Sun Days are essential to the production of sugar and bananas and mangoes, to say nothing of pineapples and other fruits of the tropics. When we are called upon to endure extraordinary heat, we tell one another of the penance and find excuse for extra drinks. But neither the heat nor the comparison of personal experiences is of the injurious nature of some of the refreshments. The weather is not compounded of excesses, but of means. Is it not true that few countries in the wide world would be considered fit for habitation by human beings if the character of the climate was estimated by its extremes?

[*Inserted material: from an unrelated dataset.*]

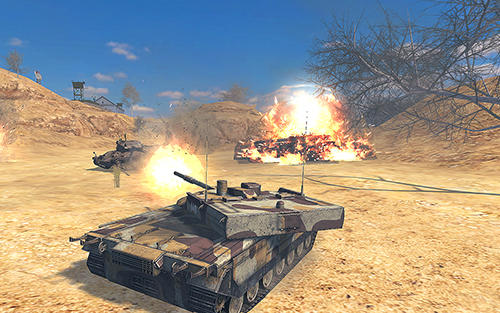 Tank force: Real tank war online screenshot 1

No North Queenslander will resent records of high temperatures. He will be quite content to be shown enjoying and flourishing in the heat in which sugar-cane thrives, for thereby is to be proved a fact theorists seem unable to grasp — viz., that such is the soundness and virtue of the British race that it adapts itself with equal success to the long, dark, cold winter of Canada and the perpetual summer of North Queensland. Who is to say that the Canadian in his thick woollens and furs is a healthier subject, a worthier type, than the North Queenslander, stripped to the waist in the full blaze of the sun, glorying in his own vigour, proud of his magnificent heritage, and scornful of the opinions of those who have never experienced that supreme zest of life unpurchasable outside the tropic zone?

With intent to picturesquely demonstrate that soil will tell, some are ready to assert that we owe Christianity to the horizontal limestone formation of Palestine. Accepting the theory with whole-hearted enthusiasm, and admitting that North Queensland comprehends tracts of country not dissimilar from the Holy Land, mark what the future may have in store for the race. Do you want old age? — Methuselah, Noah, Isaac. Strong men? — Gosselin, Samson, Saul. Beautiful women? — Ruth, Rebecca, Esther. Does not David, the man after God’s own heart, appeal? Was not Solomon, the wise, the glorious, the prolific, a superior type? And, with all reverence be it said, was not the Founder of the Christian religion a solar product?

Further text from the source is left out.